On Monday, 13 November 2017 15:12:56 GMT Daniel Frey wrote:
> On 11/13/17 02:59, Peter Humphrey wrote:
> > Hello list,
> >
> > I'm hunting a problem with cooling in this box, and I've got as far as
> > suspecting my new AMD WX 5100 GPU.
> >
> > One of my BOINC projects causes the GPU temperature, as shown by
> > gkrellm, to shoot up to 75C or more and cause intolerable system
> > cooling noise.

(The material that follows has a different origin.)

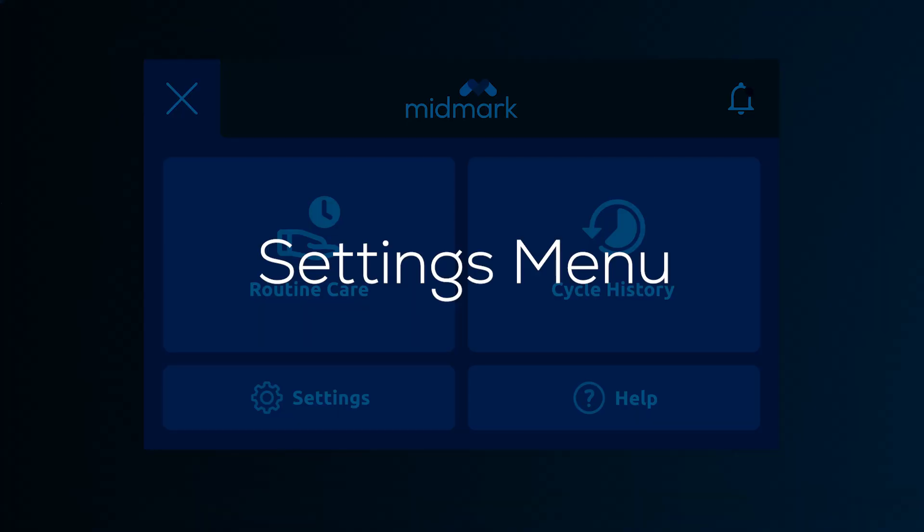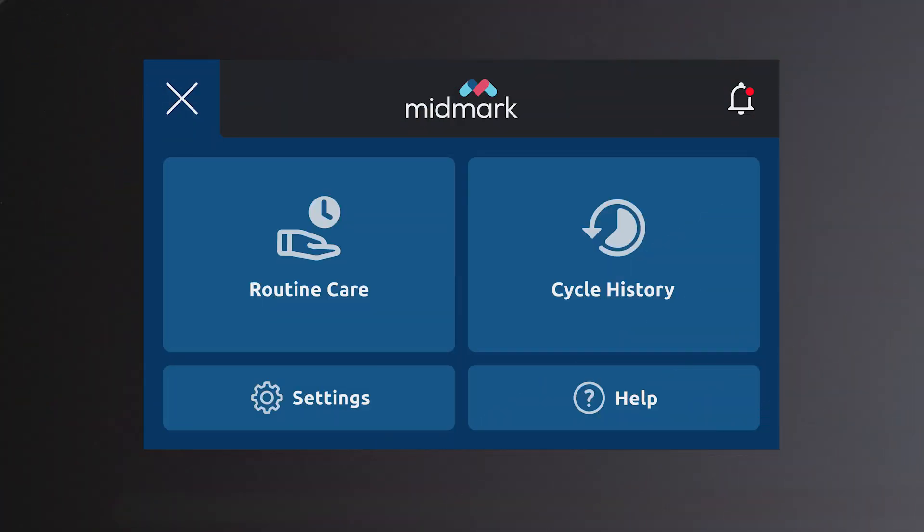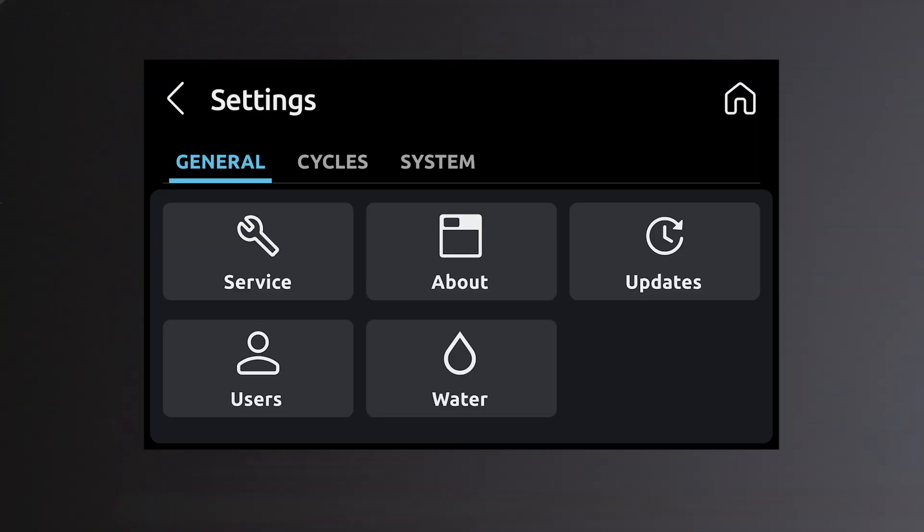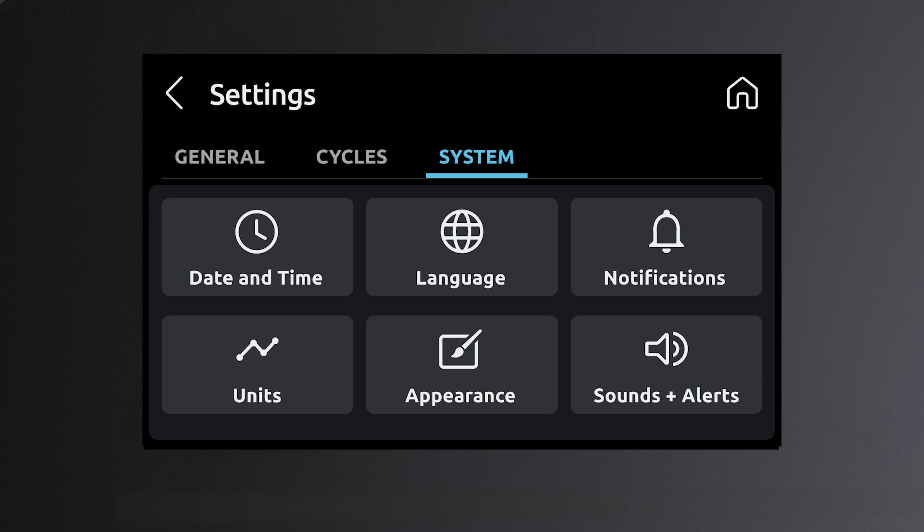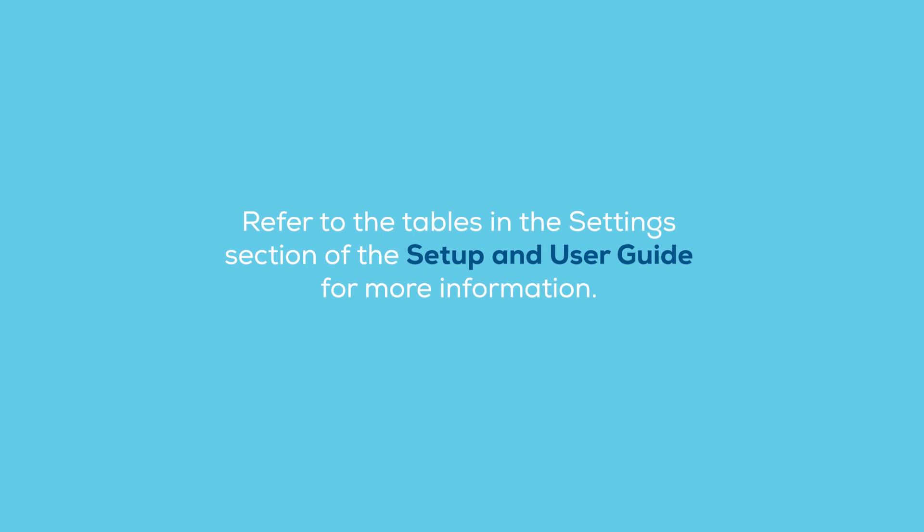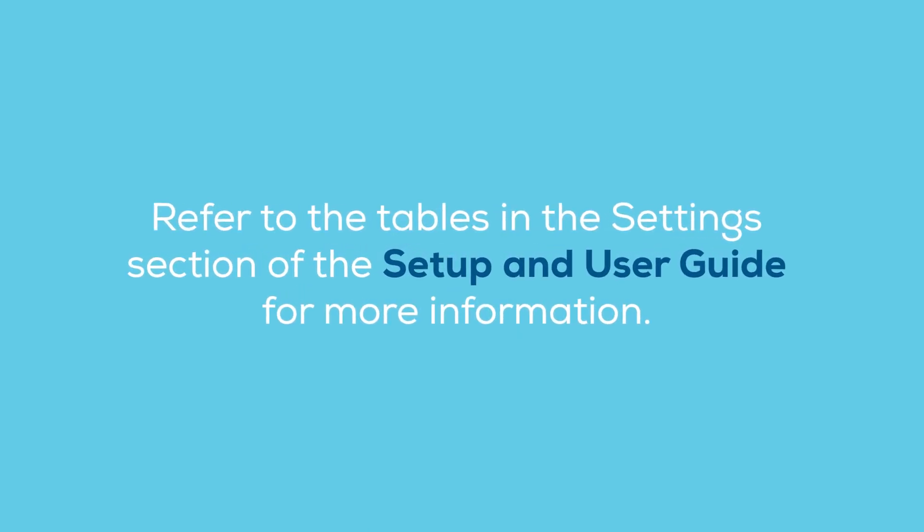Settings menu. Within the settings menu, there are three main tabs across the top of the screen: General, Cycles, and System. Navigating through these tabs will provide access to information and modifying device settings. Refer to the tables in the settings section of the setup and user guide for more information.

If I suspend that project but leave the other seven
> > running, the temperature returns to what I hope is a normal 55C. Those
> > seven projects are supposed to use the GPU, but I'm not sure whether
> > they do in fact.
> >
> > Is there any way I can monitor what is using the GPU, to find out?
>
> I don't know if there's a utility for consumer level cards that can do
> this. I do remember for Nvidia there's nvidia-smi but I don't think it
> will list processes for desktop cards.
This isn't consumer grade (look it up in your local shops ;-) ):
# lspci -v -s 01:00.0
01:00.0 VGA compatible controller: Advanced Micro Devices, Inc. [AMD/ATI]
Ellesmere [Radeon Pro WX 5100] (prog-if 00 [VGA controller])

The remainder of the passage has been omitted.